GPT-1

Last updated
Generative Pre-trained Transformer 1 (GPT-1)
Original author(s) OpenAI
Initial releaseJune 2018;5 years ago (June 2018)
Repository
Successor GPT-2
Type
License MIT [1]
Website openai.com/blog/language-unsupervised/   OOjs UI icon edit-ltr-progressive.svg
Original GPT architecture Full GPT architecture.svg
Original GPT architecture

Generative Pre-trained Transformer 1 (GPT-1) was the first of OpenAI's large language models following Google's invention of the transformer architecture in 2017. [2] In June 2018, OpenAI released a paper entitled "Improving Language Understanding by Generative Pre-Training", [3] in which they introduced that initial model along with the general concept of a generative pre-trained transformer. [4]

Contents

Up to that point, the best-performing neural NLP models primarily employed supervised learning from large amounts of manually labeled data. This reliance on supervised learning limited their use of datasets that were not well-annotated, in addition to making it prohibitively expensive and time-consuming to train extremely large models; [3] [5] many languages (such as Swahili or Haitian Creole) are difficult to translate and interpret using such models due to a lack of available text for corpus-building. [5] In contrast, a GPT's "semi-supervised" approach involved two stages: an unsupervised generative "pre-training" stage in which a language modeling objective was used to set initial parameters, and a supervised discriminative "fine-tuning" stage in which these parameters were adapted to a target task. [3]

The use of a transformer architecture, as opposed to previous techniques involving attention-augmented RNNs, provided GPT models with a more structured memory than could be achieved through recurrent mechanisms; this resulted in "robust transfer performance across diverse tasks". [3]

Reason for choosing BookCorpus

BookCorpus was chosen as a training dataset partly because the long passages of continuous text helped the model learn to handle long-range information. [6] It contained over 7,000 unpublished fiction books from various genres.
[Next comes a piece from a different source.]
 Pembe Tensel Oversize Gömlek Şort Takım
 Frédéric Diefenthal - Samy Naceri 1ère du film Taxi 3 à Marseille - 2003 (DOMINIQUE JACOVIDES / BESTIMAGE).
The rest of the datasets available at the time, while being larger, lacked this long-range structure (being "shuffled" at a sentence level). [3]

The BookCorpus text was cleaned by the ftfy library to standardized punctuation and whitespace and then tokenized by spaCy. [3]

Architecture

The GPT-1 architecture was a twelve-layer decoder-only transformer, using twelve masked self-attention heads, with 64-dimensional states each (for a total of 768). Rather than simple stochastic gradient descent, the Adam optimization algorithm was used; the learning rate was increased linearly from zero over the first 2,000 updates to a maximum of 2.5×10−4, and annealed to 0 using a cosine schedule. [3] GPT-1 has 117 million parameters. [4]

While the fine-tuning was adapted to specific tasks, its pre-training was not; to perform the various tasks, minimal changes were performed to its underlying task-agnostic model architecture. [3] Despite this, GPT-1 still improved on previous benchmarks in several language processing tasks, outperforming discriminatively-trained models with task-oriented architectures on several diverse tasks. [3]

Performance and evaluation

GPT-1 achieved a 5.8% and 1.5% improvement over previous best results [3] on natural language inference (also known as textual entailment ) tasks, evaluating the ability to interpret pairs of sentences from various datasets and classify the relationship between them as "entailment", "contradiction" or "neutral". [3] Examples of such datasets include QNLI (Wikipedia articles) and MultiNLI (transcribed speech, popular fiction, and government reports, among other sources); [7] It similarly outperformed previous models on two tasks related to question answering and commonsense reasoning—by 5.7% on RACE, [8] a dataset of written question-answer pairs from middle and high school exams, and by 8.9% on the Story Cloze Test. [9]

GPT-1 improved on previous best-performing models by 4.2% on semantic similarity (or paraphrase detection), evaluating the ability to predict whether two sentences are paraphrases of one another, using the Quora Question Pairs (QQP) dataset. [3]

GPT-1 achieved a score of 45.4, versus a previous best of 35.0 [3] in a text classification task using the Corpus of Linguistic Acceptability (CoLA). Finally, GPT-1 achieved an overall score of 72.8 (compared to a previous record of 68.9) on GLUE, a multi-task test. [10]

Related Research Articles

In artificial intelligence (AI), commonsense reasoning is a human-like ability to make presumptions about the type and essence of ordinary situations humans encounter every day. These assumptions include judgments about the nature of physical objects, taxonomic properties, and peoples' intentions. A device that exhibits commonsense reasoning might be capable of drawing conclusions that are similar to humans' folk psychology and naive physics.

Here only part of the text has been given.